Il y a 30 ans, le mur de Berlin tombait

Par Jean-Louis
Avant son écrasement par le nazisme en 1933, avec la complicité de Staline, le prolétariat allemand était le plus puissant d’Europe et même du monde. En 1918, le 9 novembre, c’est l’insurrection de la marine de guerre à Kiel et la multiplication des conseils ouvriers en Allemagne, s’appuyant sur la révolution bolchevique qui avait imposé la fin de la boucherie impérialiste.

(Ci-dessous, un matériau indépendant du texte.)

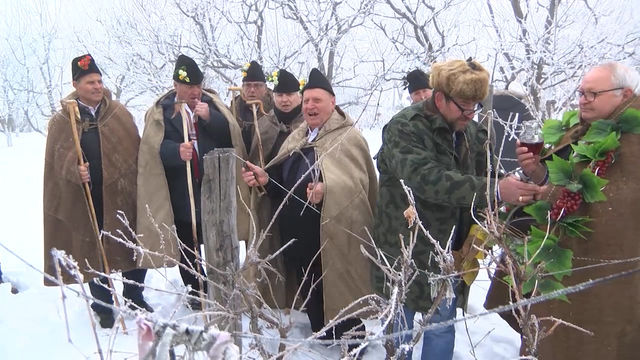 „Цар на Лозята“ коронясаха в село Голямо Асеново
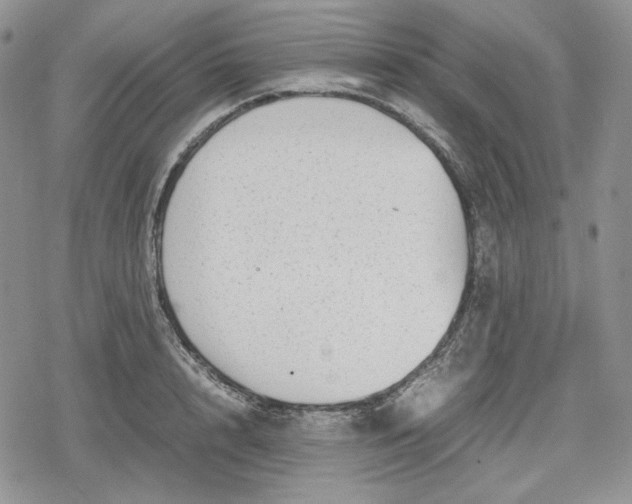 X0000078840848200611271320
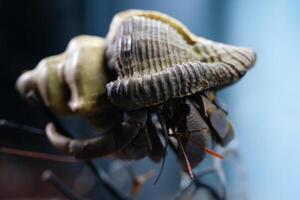 Macro Photography. Animal Close up. Macro photo of a Big Hermit crab or Coenobita Brevimanus stuck on a branch. Animal Behaviour. Shot in Macro lens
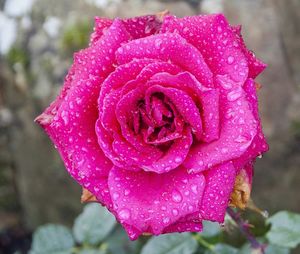 Close-up of pink rose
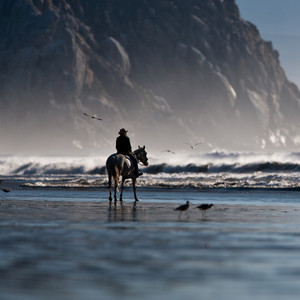 Supriadi - แตงงานกนเถอะ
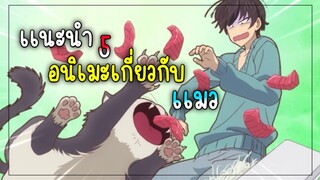 เเนะนำ5อนิเมะ? ที่เกี่ยวกับน้องเเมว!! เอาไว้ดูคลายเครียด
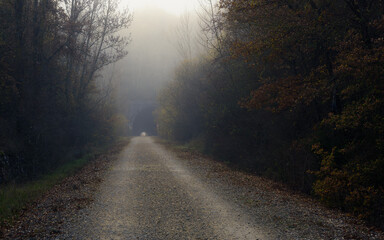 Ruta verde a trav&eacute;s de la niebla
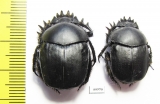 Scarabaeus pius, pair  Russia, Astrakhan reg. - INSECTS-STORE.RU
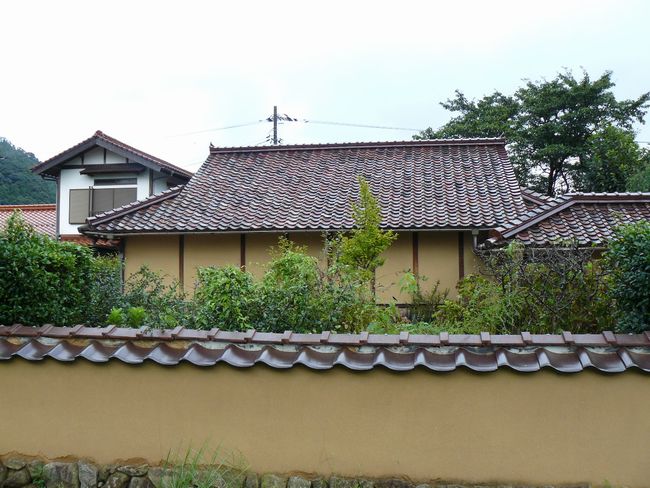 �X���O����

À ce moment, avait déferlé sur l’Europe une vague révolutionnaire sans précédent qui avait mis fin, en quelques jours, à trois empires, voyant naître une république des conseils ouvriers en Hongrie. À la fin de la Seconde Guerre mondiale, l’effondrement du nazisme allait provoquer une nouvelle vague révolutionnaire dans le monde.
Aussi l’impérialisme, la social-démocratie et la bureaucratie stalinienne ont-ils décidé en 1945 à Yalta et Potsdam de diviser l’Allemagne pour diviser son prolétariat. La République fédérale d’Allemagne est créée en mai 1949, la République démocratique allemande en octobre. Berlin est coupée en deux.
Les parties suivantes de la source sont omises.